*YOUR GOAL:* Take the lines in the listing below from the line with "Kaca Katalog.or.id Info" up to and including the line with "女生看直播带货攻略男生：提升购物体验，激发男性兴趣" and set them down exactly, skipping pictures and adding nothing.

*SUPPLIED RECORDS:*
^^^^
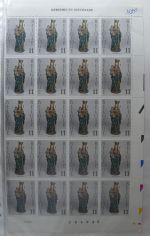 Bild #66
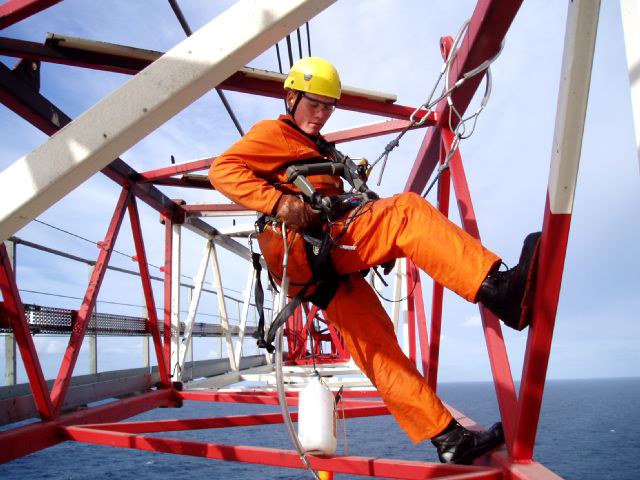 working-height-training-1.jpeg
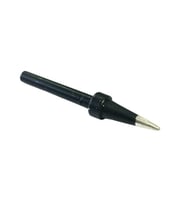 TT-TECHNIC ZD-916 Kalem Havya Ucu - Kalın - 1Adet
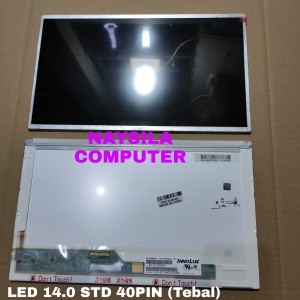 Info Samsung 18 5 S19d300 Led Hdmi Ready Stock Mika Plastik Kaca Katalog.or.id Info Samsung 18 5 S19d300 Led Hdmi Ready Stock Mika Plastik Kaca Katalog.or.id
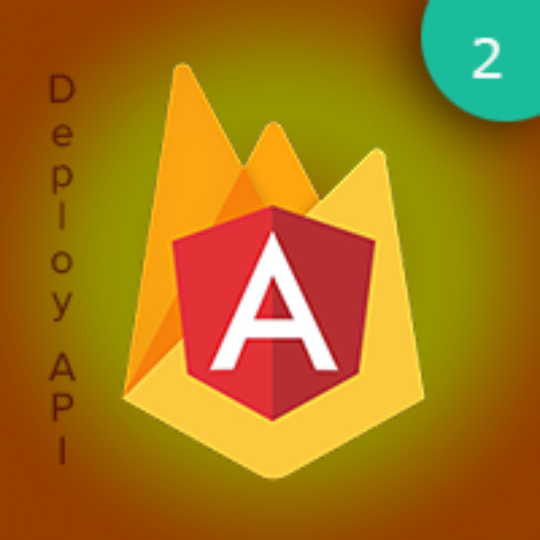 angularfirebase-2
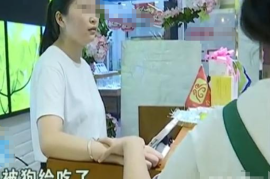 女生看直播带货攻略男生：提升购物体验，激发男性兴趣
^^^^
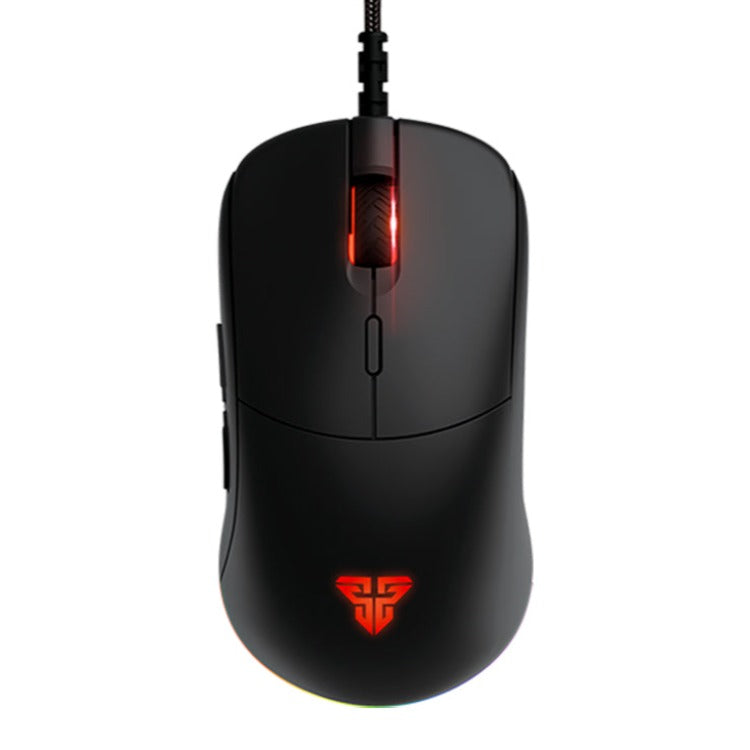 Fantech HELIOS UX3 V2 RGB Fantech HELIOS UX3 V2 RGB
^^^^
*WRITTEN REPLY:*
 Info Samsung 18 5 S19d300 Led Hdmi Ready Stock Mika Plastik Kaca Katalog.or.id Info Samsung 18 5 S19d300 Led Hdmi Ready Stock Mika Plastik Kaca Katalog.or.id
 angularfirebase-2
 女生看直播带货攻略男生：提升购物体验，激发男性兴趣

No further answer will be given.